# [Caption-style text data]
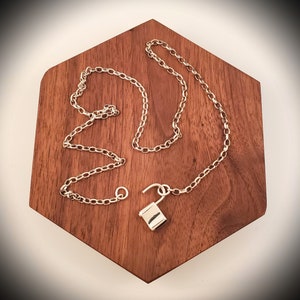 Lock Necklace - Sterling Silver - Unisex - Functional Padlock - Men - Pad Lock Pendant - 4x2.9mm Oval Chain - Front Clasp -Subtle Day Collar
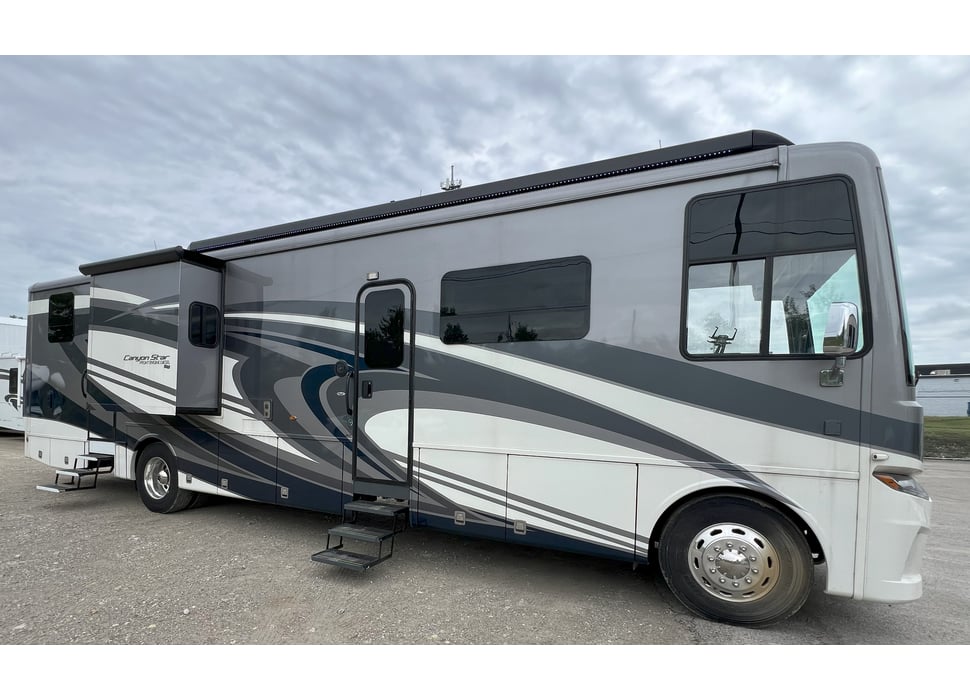 Class A Motor Home rentals in Lucasville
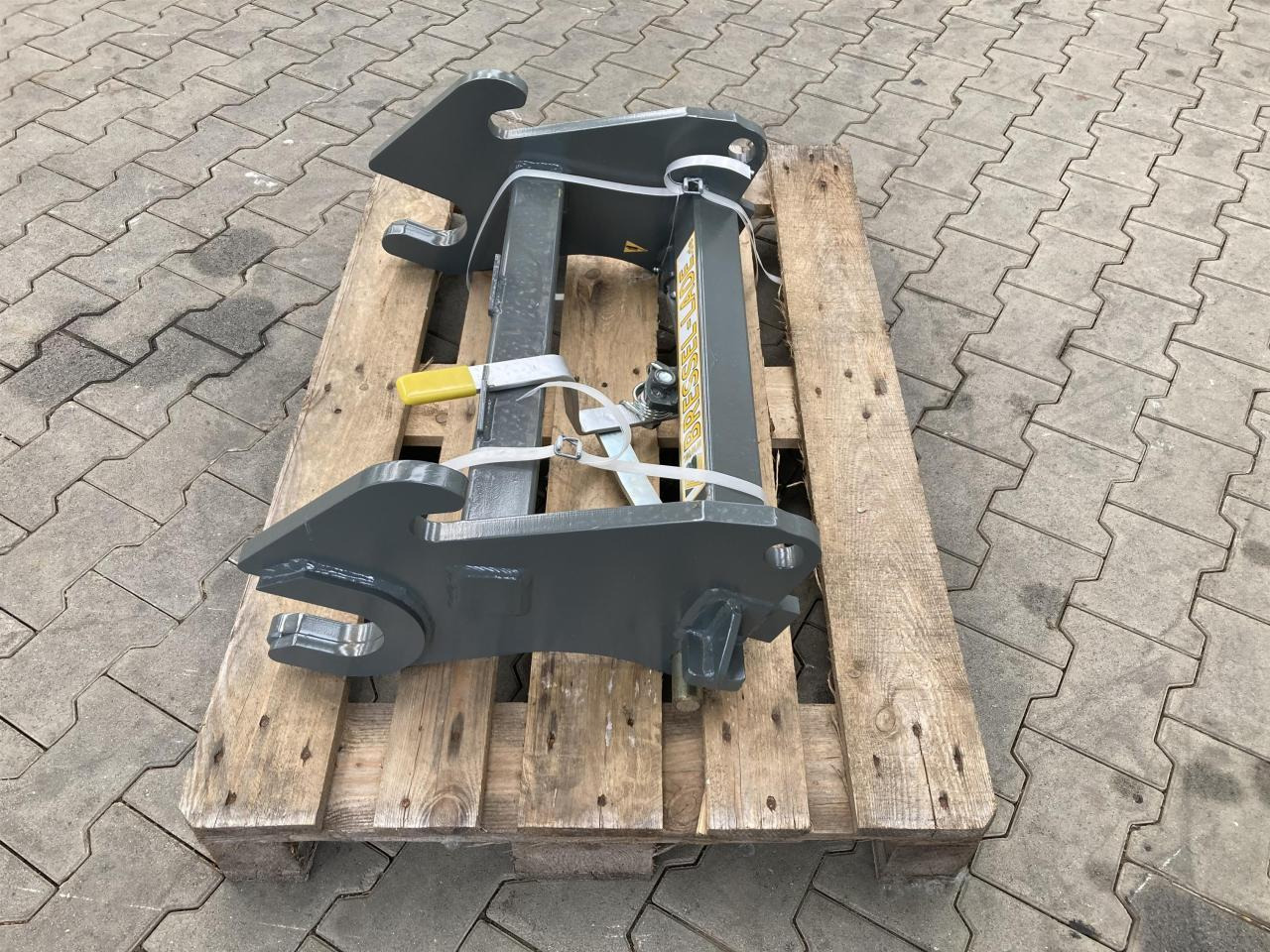 Bressel Weidemann auf Manitou - Преден утоварувач за трактор: слика 2 Bressel Weidemann auf Manitou - Преден утоварувач за трактор: слика 2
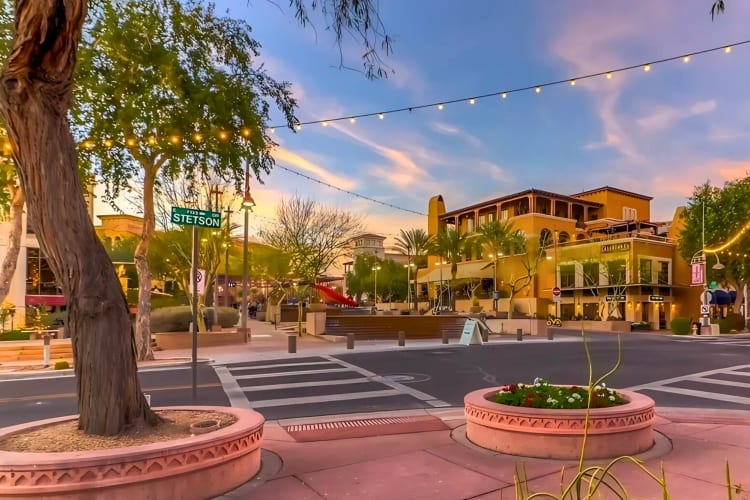 Oldtown Scottsdale is a great venue for team building activities in Phoenix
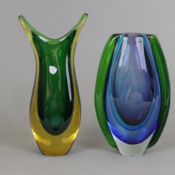 Zwei Sommerso-Vasen - dickwandiges Glas, 1x ovoide gedrückte Vase, Klarglas, blau und violett unter
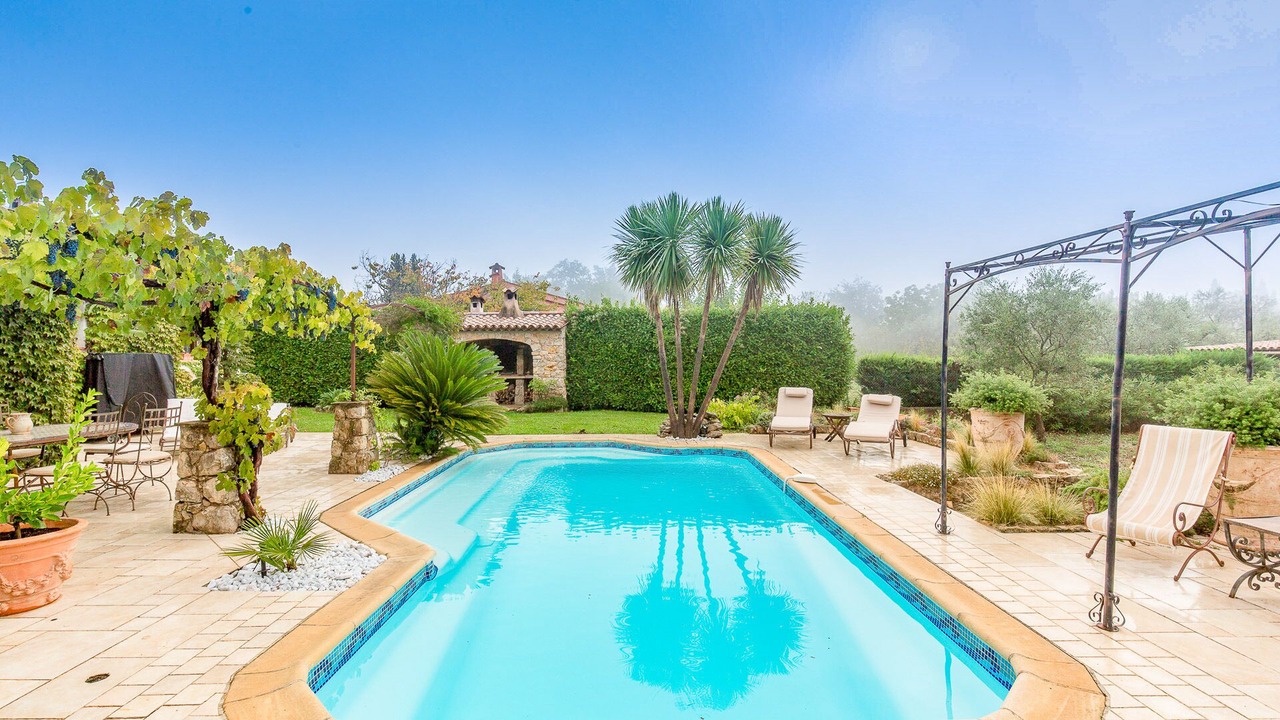 Photo of Outdoor in Saint-Cezaire-sur-Siagne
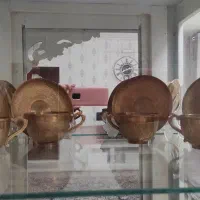 ست فنجان و نعلبکی برنجی نقش دار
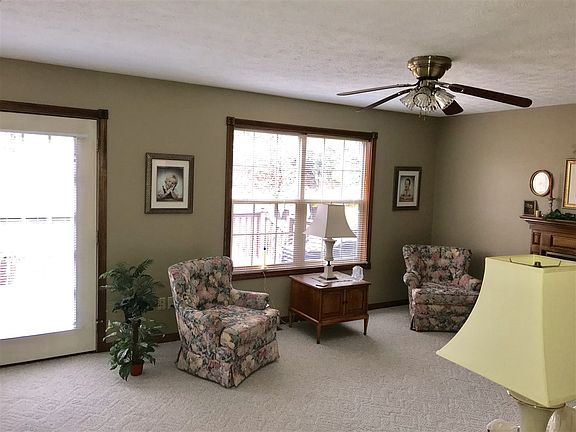 5th image of 211 Harman Dr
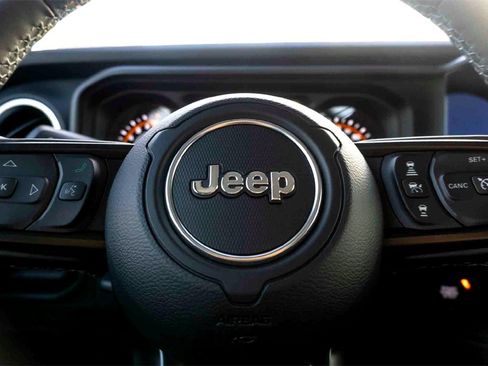 New 2025 Jeep Gladiator Sport image 11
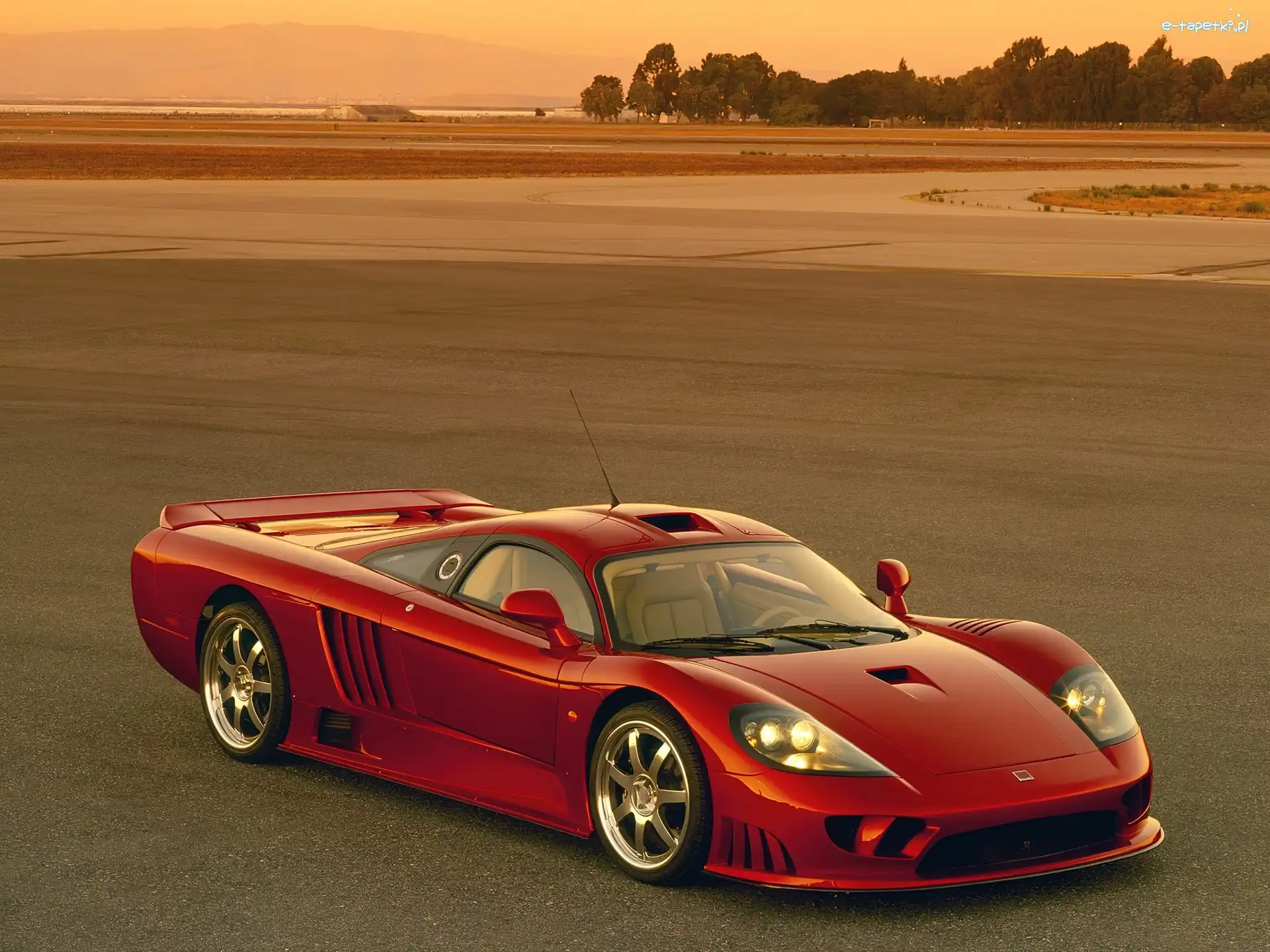 Lotniska, Płyta, Saleen S7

# [PROBLEM DETAILS]
All pictures are to be skipped; the lines from the first line of the records through the line containing "Oldtown Scottsdale is" are to be repeated exactly, both ends included.

# [RESPONSE AREA]
 Lock Necklace - Sterling Silver - Unisex - Functional Padlock - Men - Pad Lock Pendant - 4x2.9mm Oval Chain - Front Clasp -Subtle Day Collar
 Class A Motor Home rentals in Lucasville
 Bressel Weidemann auf Manitou - Преден утоварувач за трактор: слика 2 Bressel Weidemann auf Manitou - Преден утоварувач за трактор: слика 2
 Oldtown Scottsdale is a great venue for team building activities in Phoenix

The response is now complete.